Such general changes should then NOT use CONFIG_OCTEON, but some generic variable name.
We also have a number of custom commands we have added for our platform. Some of these may be able to be made more generic, but we use our own commands for things like loading our Linux kernel and simple executive applications since they require some datastructures to be configured that are tied to our SDK and are needed for backwards compatibility.
Many boards use board specific commands; I see no problem with having SoC specific commands either.
I don't think I can include our SDK as a series of patches on the mailing list since it is about 26MB with some of the hardware generated files being hundreds of kilobytes to 12MB for our register database file (which fortunately isn't needed by u-boot!) It's available under the LGPL but not easily accessible through our open-source web site without registration :(
U-Boot is supposed to be self-sufficient, i. e. to contain all parts that are required to build a working U-Boot image. I see a potential area of conflicts here.
I have also been trying to keep up with the GIT patches to u-boot and I don't think it will be all that difficult to move to the latest version since it sounds like most of the changes have affected PowerPC and ARM.
Indeed.
Best regards,
Wolfgang Denk

On Monday, February 07, 2011 02:26:15 pm Wolfgang Denk wrote:
Dear Aaron Williams,
In message 201102071402.37099.Aaron.Williams@caviumnetworks.com you wrote:
One of our challenges is the fact that the Octeon is a 64-bit multi-core MIPS processor that requires 64-bit memory access. In our case, various I/O subsystems are mapped to physical addresses outside of the 4GB address space. Due to this, we don't even support a 32-bit Linux kernel but require a 64-bit kernel. We also support loading applications linked with our SDK onto various cores of our processor, which are basically special ELF images.
There are many systems which have a physical address space that requires more than 32 bit. So far, we still run a 32 bit U-Boot on these. I understand that you are using a 64 bit port of U-Boot?
No. We are using a 32-bit port since I think trying to make a 64-bit port of U-Boot would be far more involved. We do have support for loading and executing 64-bit ELF images, however. We use special memcpy/memset functions for 64-bit memory addressing in these cases.

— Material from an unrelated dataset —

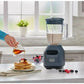 Black & Decker Ice Triturar Licuadora con 56 Onzas (7 Tazas) PerfectPour Tarro de Plástico, Potente Hoja de Acero Inoxidable de 6 Puntas, 8 Velocidades Más Pulso, 700 Vatios Pico de Potencia, BL2209PB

Another challenge is the fact that we load U-Boot at the top of physical RAM which requires that we use TLB mapping due to the fact that it is quite common for us to support 4GB or more DRAM in our embedded environment. We need to do this since a number of customers have custom operating systems and applications that load in the lower 4GB and need all the space they can get.
Existing U-Boot deals with this by mapping just the lower and the upper parts of available physical memory. See the CONFIG_VERY_BIG_RAM config option.
I just looked at this and this. The only place I see this used is in arch/powerpc/lib/board.c and it looks like it just limits the effective memory size to CONFIG_MAX_MEM_MAPPED. This won't work for us. As I said, we need to move it out of the lower 4GB when there's more memory involved. We also don't want there being holes in the middle of the memory if we can help it, nor do we want to place u-boot at the lower end of memory. At least on MIPS the TLB support is quite simple and is performed very early on by adding a single TLB entry. We have customers that need to make use of the entire KUSEG, for example. Our SDK only reserves a very small portion of this.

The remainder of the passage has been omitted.